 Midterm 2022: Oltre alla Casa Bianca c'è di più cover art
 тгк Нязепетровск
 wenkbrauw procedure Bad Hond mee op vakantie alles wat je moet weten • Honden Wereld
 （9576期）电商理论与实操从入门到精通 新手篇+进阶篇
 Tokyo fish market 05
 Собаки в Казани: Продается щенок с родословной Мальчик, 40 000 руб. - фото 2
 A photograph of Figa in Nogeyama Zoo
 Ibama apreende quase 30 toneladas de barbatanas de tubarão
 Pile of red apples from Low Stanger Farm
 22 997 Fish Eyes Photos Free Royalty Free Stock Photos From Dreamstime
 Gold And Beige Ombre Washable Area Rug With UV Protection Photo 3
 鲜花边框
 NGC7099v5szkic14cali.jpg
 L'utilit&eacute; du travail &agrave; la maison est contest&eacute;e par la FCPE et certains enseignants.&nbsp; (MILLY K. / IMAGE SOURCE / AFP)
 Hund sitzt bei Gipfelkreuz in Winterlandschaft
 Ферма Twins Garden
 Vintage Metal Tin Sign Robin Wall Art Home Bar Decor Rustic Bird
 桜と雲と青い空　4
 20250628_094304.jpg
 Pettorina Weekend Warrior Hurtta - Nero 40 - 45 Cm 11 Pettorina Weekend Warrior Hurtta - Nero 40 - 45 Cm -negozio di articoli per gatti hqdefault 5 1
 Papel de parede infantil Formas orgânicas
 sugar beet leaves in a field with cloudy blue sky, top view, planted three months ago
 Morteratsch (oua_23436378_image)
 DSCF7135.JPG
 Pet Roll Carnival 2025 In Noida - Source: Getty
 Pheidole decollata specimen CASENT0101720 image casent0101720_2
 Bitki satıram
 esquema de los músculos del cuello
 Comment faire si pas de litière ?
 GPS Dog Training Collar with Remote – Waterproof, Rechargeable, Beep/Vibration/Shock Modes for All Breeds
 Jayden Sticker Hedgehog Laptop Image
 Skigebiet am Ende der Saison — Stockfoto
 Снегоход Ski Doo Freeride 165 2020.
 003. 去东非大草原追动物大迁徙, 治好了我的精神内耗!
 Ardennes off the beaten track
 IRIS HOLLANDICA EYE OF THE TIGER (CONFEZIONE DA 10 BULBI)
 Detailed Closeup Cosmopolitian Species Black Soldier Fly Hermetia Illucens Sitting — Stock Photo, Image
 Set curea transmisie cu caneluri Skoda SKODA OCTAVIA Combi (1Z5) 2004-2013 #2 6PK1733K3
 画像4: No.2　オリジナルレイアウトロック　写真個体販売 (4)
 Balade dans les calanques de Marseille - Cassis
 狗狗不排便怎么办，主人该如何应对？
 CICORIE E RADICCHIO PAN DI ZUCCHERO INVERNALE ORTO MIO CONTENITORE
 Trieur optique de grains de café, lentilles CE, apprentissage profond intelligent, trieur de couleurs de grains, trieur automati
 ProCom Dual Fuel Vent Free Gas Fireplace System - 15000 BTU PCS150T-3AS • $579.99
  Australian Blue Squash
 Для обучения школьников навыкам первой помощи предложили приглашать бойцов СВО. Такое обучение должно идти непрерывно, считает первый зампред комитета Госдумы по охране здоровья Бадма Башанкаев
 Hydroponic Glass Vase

****************************************

§ Your task
Would you print, exactly as written, every line above from the one holding "22 997 Fish" through the one holding "Bitki satıram", with both included and no other lines?

§ Result of the exercise
 22 997 Fish Eyes Photos Free Royalty Free Stock Photos From Dreamstime
 Gold And Beige Ombre Washable Area Rug With UV Protection Photo 3
 鲜花边框
 NGC7099v5szkic14cali.jpg
 L'utilit&eacute; du travail &agrave; la maison est contest&eacute;e par la FCPE et certains enseignants.&nbsp; (MILLY K. / IMAGE SOURCE / AFP)
 Hund sitzt bei Gipfelkreuz in Winterlandschaft
 Ферма Twins Garden
 Vintage Metal Tin Sign Robin Wall Art Home Bar Decor Rustic Bird
 桜と雲と青い空　4
 20250628_094304.jpg
 Pettorina Weekend Warrior Hurtta - Nero 40 - 45 Cm 11 Pettorina Weekend Warrior Hurtta - Nero 40 - 45 Cm -negozio di articoli per gatti hqdefault 5 1
 Papel de parede infantil Formas orgânicas
 sugar beet leaves in a field with cloudy blue sky, top view, planted three months ago
 Morteratsch (oua_23436378_image)
 DSCF7135.JPG
 Pet Roll Carnival 2025 In Noida - Source: Getty
 Pheidole decollata specimen CASENT0101720 image casent0101720_2
 Bitki satıram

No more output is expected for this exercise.